Hugh Jackman and Anne Hathaway (Photo: Universal Pictures)

Hugh Jackman and Anne Hathaway (Photo: Universal Pictures)

Mackintosh assembled a stellar star-powered cast. Some may have seemed like sure bets, while others leaned towards the risky.

Hugh Jackman – equally at home on the musical stage and in big ticket action movies – was cast as the protagonist Jean Valjean.

Russell Crowe, a fellow Australian best known for his dramatic film work and less for his singing, was cast as Javert, Valjean’s relentless pursuer. A veteran of light weight films, including the film musical “Mamma Mia,” Amanda Seyfried was given the ingénue role of Cosette. The multi-award nominated Anne Hathaway accepted the call to play Cosette’s tragic mother, Fantine. Hathaway is known as an actress equally adept at both comic and dramatic roles; she has not been known as a singer up to now.
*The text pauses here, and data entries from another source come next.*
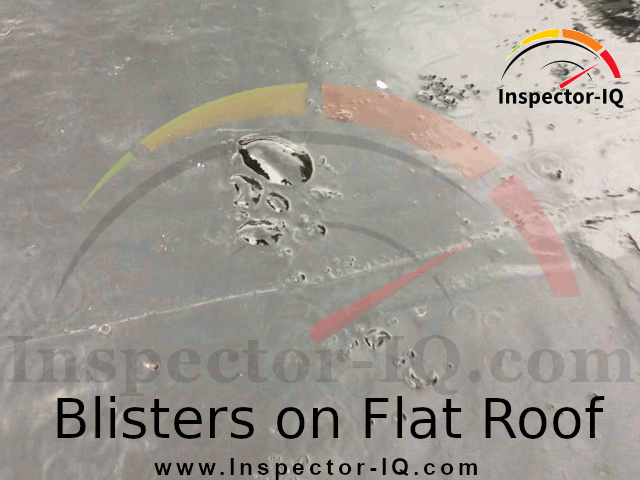 Flat Roof Blisters 1
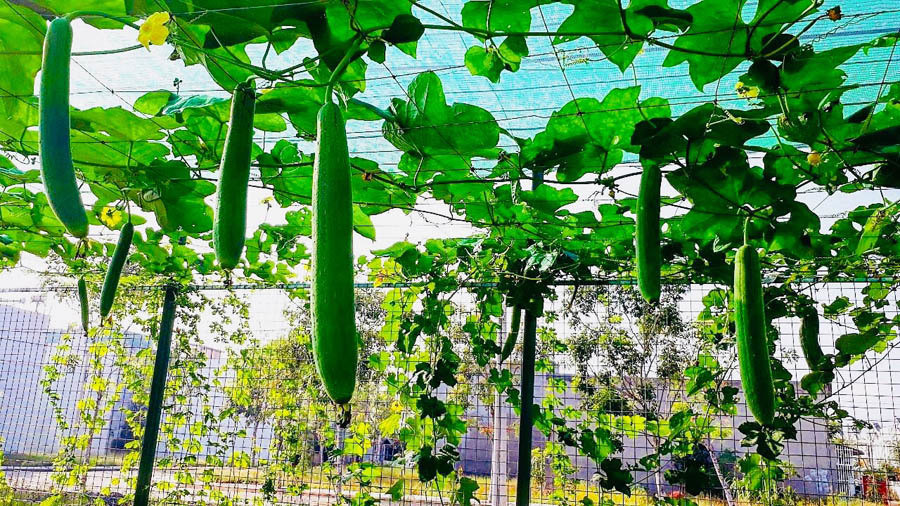 Phat hien nguoi tinh chat sex, ba chu quan cafe hanh dong kho hieu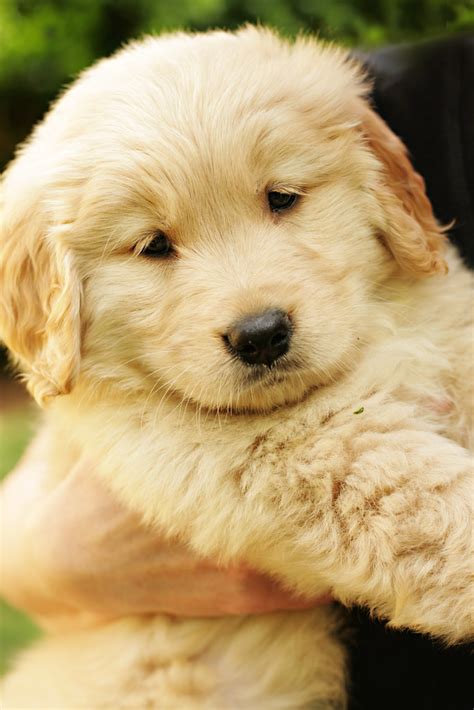 Maybe you would like to learn more about one of these? Fluffy puppy | Jessica Scheufler | Flickr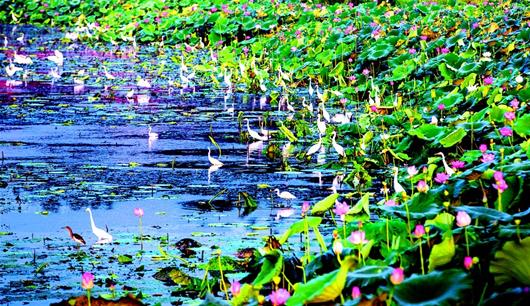 梁子湖涂鎮濕地重現萬鳥飛翔美景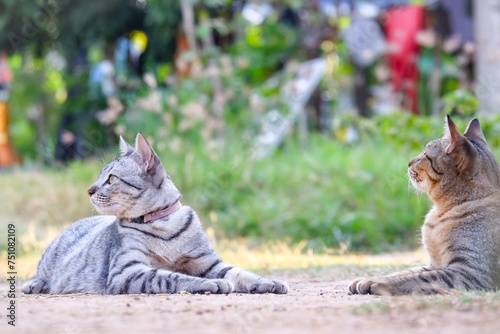 Two Tabby grey cat perched on ground and tree in garden, gazing with cute, curious eyes photo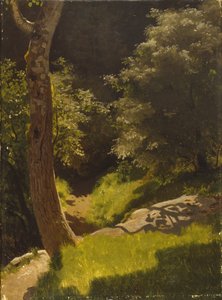 Park landscape with garden path by August Cappelen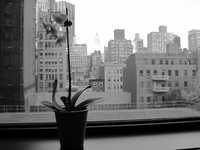 Img_0466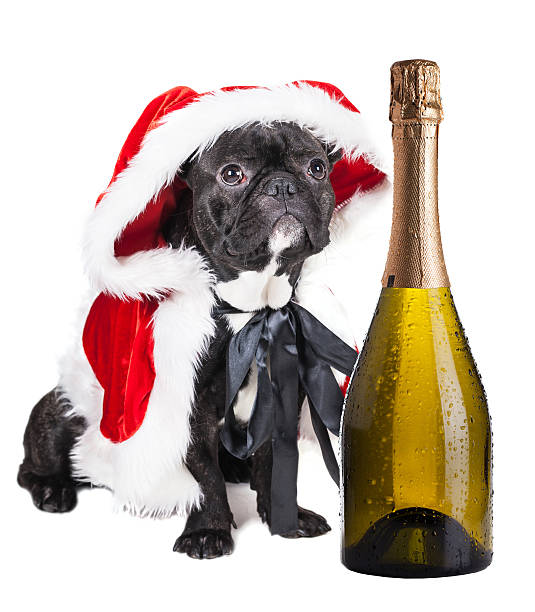 istock French bulldog with champagne 501650516
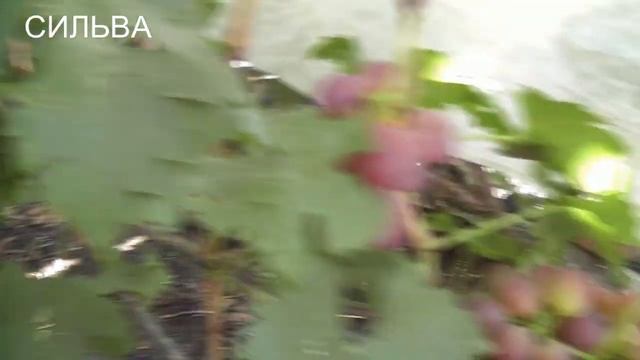 6-7.09.22г.Вива-Айка,Сильва,Надежда АЗОС,Арни,Восторг красный. смотреть онлайн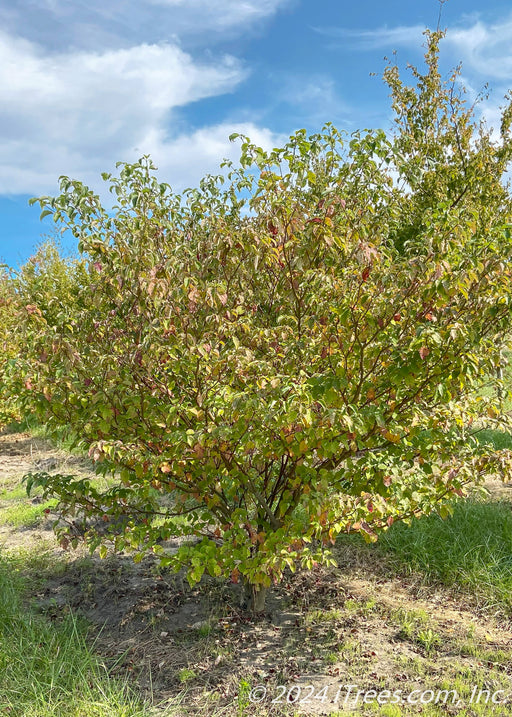 Multi-stem clump form Pagoda Dogwood in the nursery with green leaves.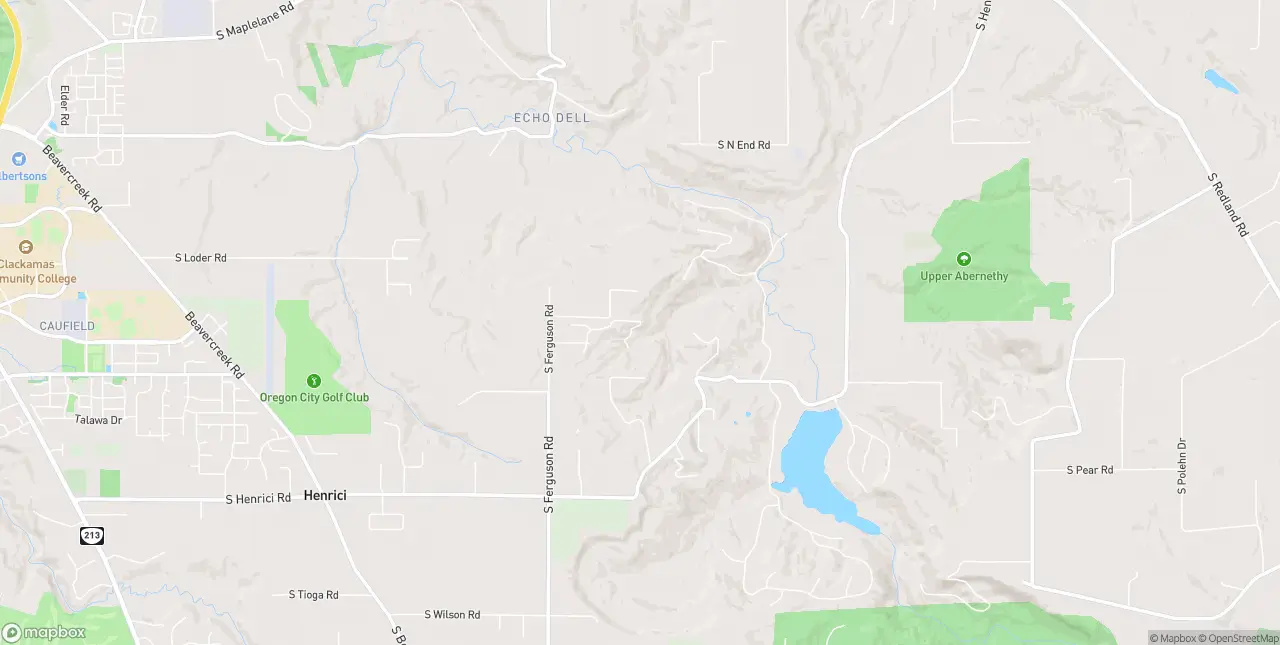 Internet in Oregon City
Audiences have seen the triple monikered pair of Sacha Baron Cohen and Helena Bonham Carter in the film adaptation of “Sweeney Todd.” As recognizable character actors, it was an easy pick to cast them as the comically evil Thénardiers. Eddie Redmayne, a young British actor with a handful of film and television credits, was handed the role of the heroic Marius. And for the love-sick waif, Eponine, the virtually unknown Samantha Barks beat out pop idol Taylor Swift and stage and screen star Scarlett Johansson.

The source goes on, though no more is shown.